Além disso, vale citar que a Agência Nacional de Saúde Suplementar (ANS) está julgando o recurso apresentado pela Hapvida contra a determinação que obrigou a empresa a republicar balanços contábeis envolvendo o Programa Desenrola. O item foi incluído na pauta oficial da 631ª Reunião da Diretoria Colegiada.
Segundo a ANS, a análise definirá se a operadora terá de corrigir demonstrações financeiras e reverter valores contabilizados antes do prazo legal.
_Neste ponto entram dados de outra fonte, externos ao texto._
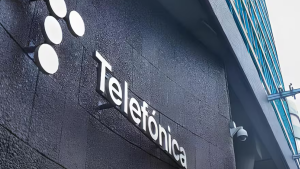 El gobierno de Javier Milei suspendió de forma «preventiva» la compra de Telefónica por parte de Telecom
A ANS vai avaliar três pontos: quando a Hapvida registrou o acordo de quitação com o SUS, como isso afetou seus lucros e valor de mercado, e a transparência das informações divulgadas.
O mercado acompanha a decisão de perto. A possível republicação dos balanços pode impactar a confiança de investidores e a percepção sobre a saúde financeira da operadora.
Se a agência mandar republicar os balanços, será algo raro no setor. Isso pode eliminar parte dos lucros já divulgados e até deixar a empresa fora das regras regulatórias, obrigando-a a buscar capital com os acionistas.
Caso a decisão seja negativa, o lucro extraordinário tende a sumir, revelando um desempenho bem pior do que o divulgado, o que ajuda a explicar o pessimismo já visto no mercado.